(Source material begins)

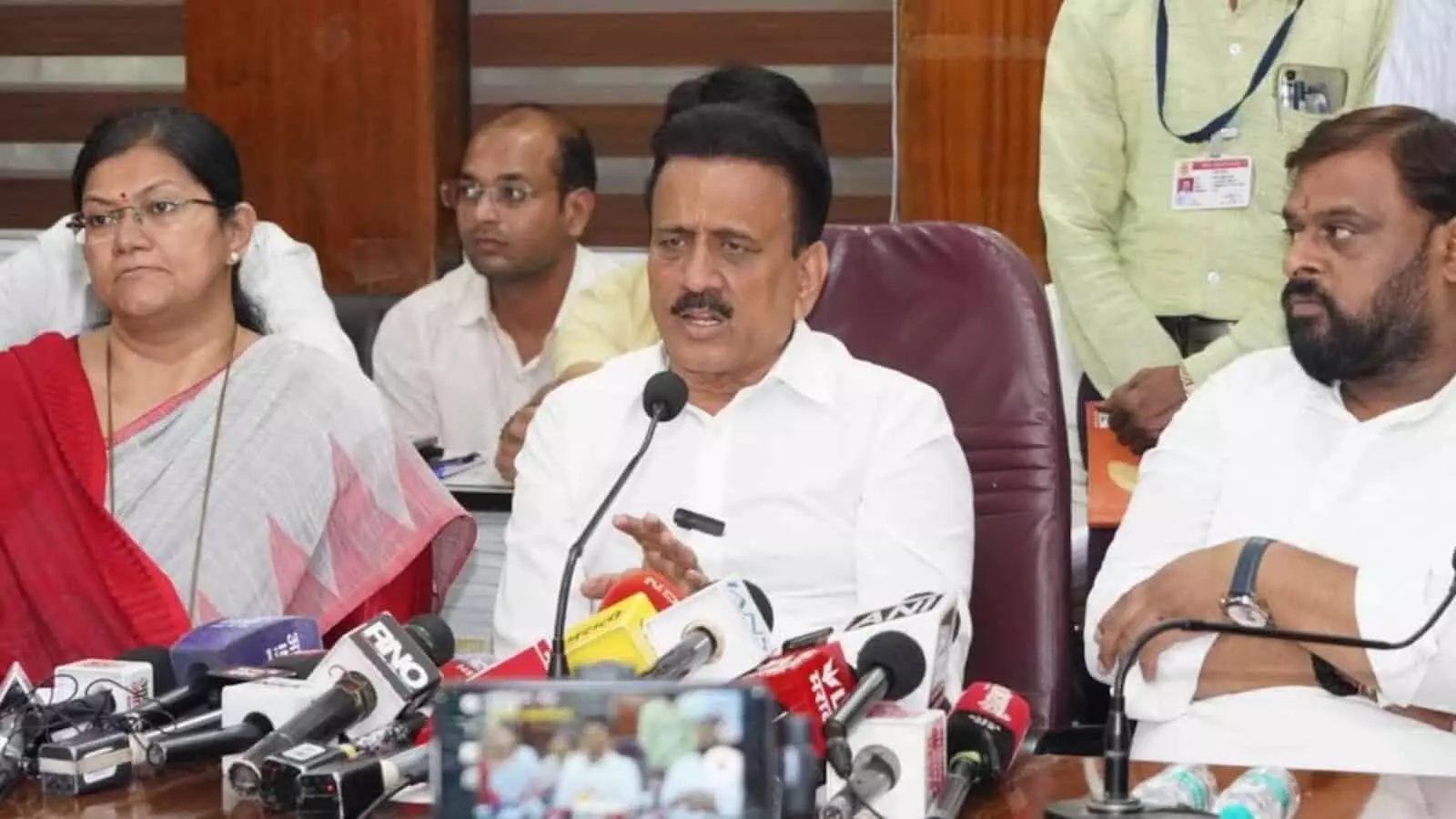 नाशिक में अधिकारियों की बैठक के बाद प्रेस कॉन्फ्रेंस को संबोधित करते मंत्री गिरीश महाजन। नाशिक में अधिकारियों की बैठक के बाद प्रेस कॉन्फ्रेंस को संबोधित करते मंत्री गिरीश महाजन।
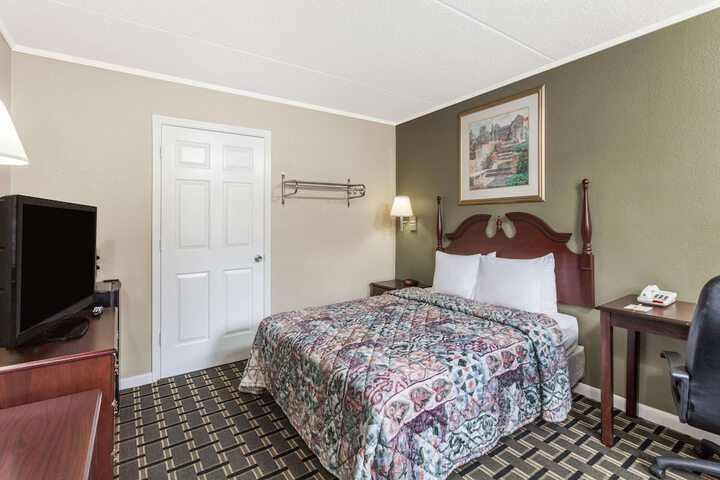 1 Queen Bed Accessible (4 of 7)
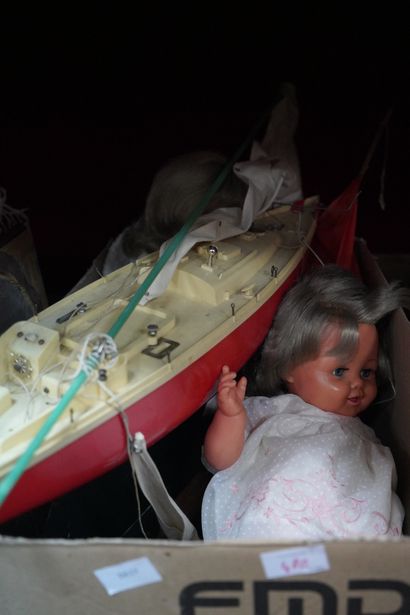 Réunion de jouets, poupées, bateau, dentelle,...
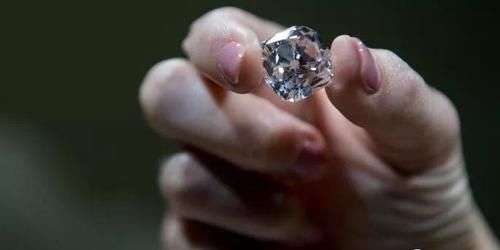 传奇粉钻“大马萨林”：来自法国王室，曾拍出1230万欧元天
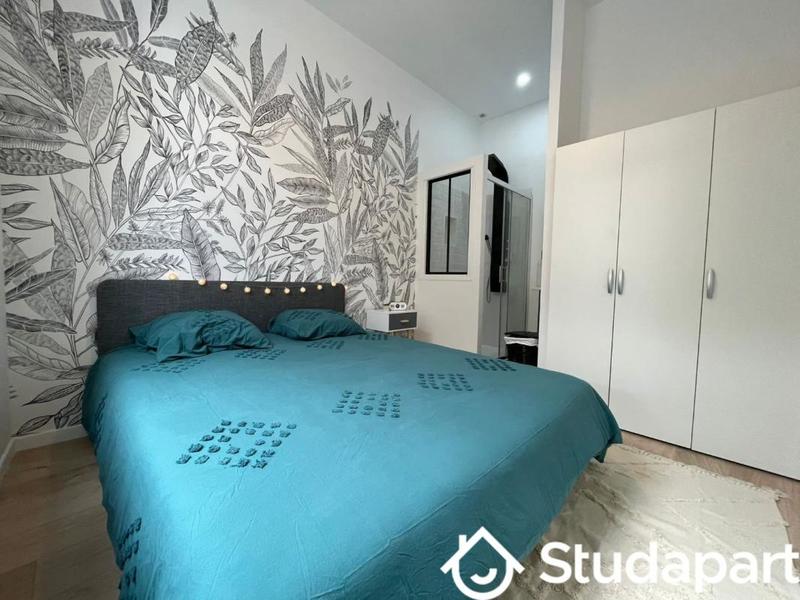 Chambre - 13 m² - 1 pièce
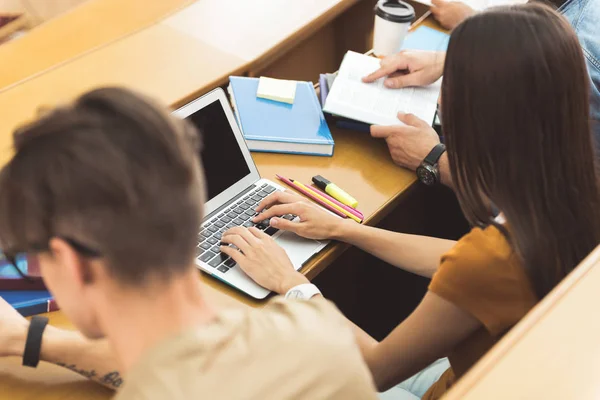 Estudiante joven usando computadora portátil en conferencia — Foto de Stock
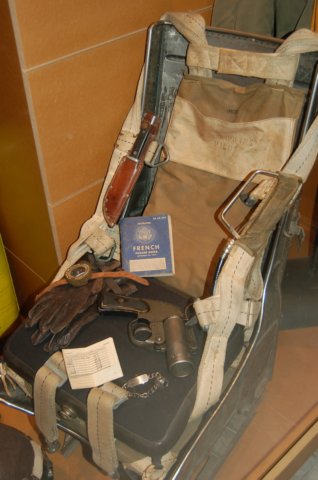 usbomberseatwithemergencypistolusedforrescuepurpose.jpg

(Source material ends)

- **What to work on**
In the answer, give only the lines from the top of the data above through the line with "Estudiante joven usando", reproduced exactly; no picture may appear.

- **The answer**
 नाशिक में अधिकारियों की बैठक के बाद प्रेस कॉन्फ्रेंस को संबोधित करते मंत्री गिरीश महाजन। नाशिक में अधिकारियों की बैठक के बाद प्रेस कॉन्फ्रेंस को संबोधित करते मंत्री गिरीश महाजन।
 1 Queen Bed Accessible (4 of 7)
 Réunion de jouets, poupées, bateau, dentelle,...
 传奇粉钻“大马萨林”：来自法国王室，曾拍出1230万欧元天
 Chambre - 13 m² - 1 pièce
 Estudiante joven usando computadora portátil en conferencia — Foto de Stock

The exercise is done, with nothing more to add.